Paracocci are Gram-negative cocci, diplococci or coccobacilli, with a high GC content and an obligately respiratory mode of growth (1). The genus Paracoccus is classified within the family Rhodobacteraceae and currently contains 29 recognized species. In 2003, based on biochemical tests, DNA-DNA hybridization, cellular fatty acid profile, and 16S RNA sequencing, Daneshvar et al. proposed Paracoccus yeeii (the name was later changed to P. yeei) as a separate species for 13 isolates in the CDC eugonic oxidizer group 2, all of which had been isolated from human samples (2). The morphology of the species in Gram stain was described as Gram-negative coccoid or diplococcoid to coccobacillary forms, often appearing vacuolated or peripherally stained. The natural habitat of P. yeei is unclear. To date, the 16S rRNA gene sequences of four environmental P. yeei isolates have been submitted to GenBank (www.ncbi.nlm.nih.gov/GenBank/). These strains were isolated from a marine sediment, a spacecraft-associated clean room, a sweet pepper, and soil.

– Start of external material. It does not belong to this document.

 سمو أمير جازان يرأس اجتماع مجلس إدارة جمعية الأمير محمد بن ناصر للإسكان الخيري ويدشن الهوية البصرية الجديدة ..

Since the species was proposed, only one case of human infection with P. yeei has been described: a 67-year-old male patient with a history of heart failure who developed bacteremia and bullous lesions on the leg with this microorganism (5). However, two previous reports suggested that P. yeei may cause eye disease. First, in the original article proposing the novel species, one of the thirteen strains was isolated from an eye, although no further clinical information was provided (2). Second, Drancourt et al. published a report in 2008 identifying a high proportion of fastidious microorganisms in 1,520 patients with uveitis of unknown etiology (i.e., culture negative) by means of PCR and 16S rRNA gene sequencing directly on ocular fluid. Among the microorganisms identified were five never before associated with ocular infections, one of these being P. yeei. Since no other microorganism was detected in the sample from this patient, the uveitis was attributed to P. yeei (3).

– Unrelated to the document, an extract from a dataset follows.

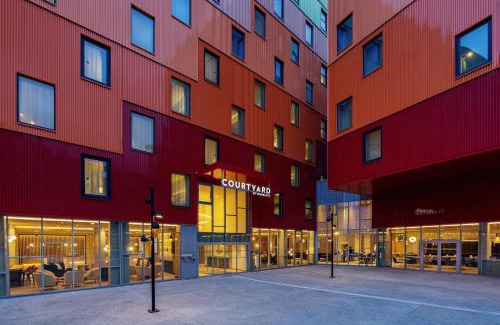 Roissy-en-France Hotel | Convenient Courtyard by Marriott near Charles de Gaulle Airport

In conclusion, this is the first clinically documented case of culture-positive P. yeei (mixed) corneal infection, which occurred as an early complication in a patient with a penetrating keratoplasty. The natural habitat of the microorganism is largely unknown, making it difficult to speculate on how our patient acquired the strain. The wider availability of molecular techniques for species identification may yield an increasing number of reported infections with P. yeei.
The 1,255-bp 16S rRNA gene sequence that confirmed the identity of the isolate was deposited in GenBank under accession number GU083584.
Published ahead of print on 4 November 2009.